杀机在夜色中悄然蔓延,仿佛一张无形的网,正朝着前方那三道渐行渐远的身影缓缓收紧。
杜尚清靠在石桥亭的柱子上,细风正拿着布条帮他包扎手臂上的伤口,动作小心翼翼。
“嘶——”伤口被牵扯,杜尚清倒吸一口凉气,看着布条上渗出的血迹,低声道:
“那杀手的剑法确实狠辣,若不是家传棍法藏了几式变招,今日怕是要栽在这里。”
话音刚落,头顶突然传来瓦片碎裂的轻响。
齐樟猛地抬头,只见一道黑影如蝙蝠般从对面屋顶跃来,接着张开双臂像怪鸟一般向石亭扑来。
“爹,小心!”齐樟低喝一声,抄起脚边的哨棒,不等对方落地,率先冲了出去。
黑影几个起落便到了桥头,身形一晃,稳稳落在石桥中央。
月光照在他脸上,竟没蒙黑布,是张刀疤纵横的脸,眼神阴鸷得像淬了毒的冰,手里握着一柄软剑,剑身在月光下泛着诡异的蓝光。
“平寇将军?”
刀疤脸开口,声音沙哑如砂纸摩擦,“伤我两个弟兄,这笔账,该算了。

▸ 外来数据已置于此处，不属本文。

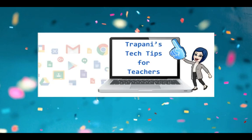Hi everyone, it's Paula. Welcome back to Trapani's Tech Tips for Teachers, where my goal is to help make teachers' lives a little easier.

”
“先过了我这关再说吧!”齐樟担心爹爹连续战斗,气力不济,主动跳出来接下这一局。
黑影落地时带起一阵劲风,双掌直拍向齐樟面门。
齐樟不退反进,哨棒横挥,精准磕向对方手腕。
“好小子!”那黑衣人低声喝了一句。
齐樟只觉手腕一麻,哨棒险些脱手——那杀手首领不知何时已欺近,双掌翻飞如蝶。
掌风凌厉得像刮过刀锋,每一招都贴着他的哨棒掠过,看似轻飘飘,却带着一股巧劲,总能在毫厘之间卸去他的力道。
“铛!铛!铛!”哨棒与对方手掌接连碰撞,齐樟只觉手臂震得发酸,被逼得步步后退,脚后跟都快踩到亭边的石阶了。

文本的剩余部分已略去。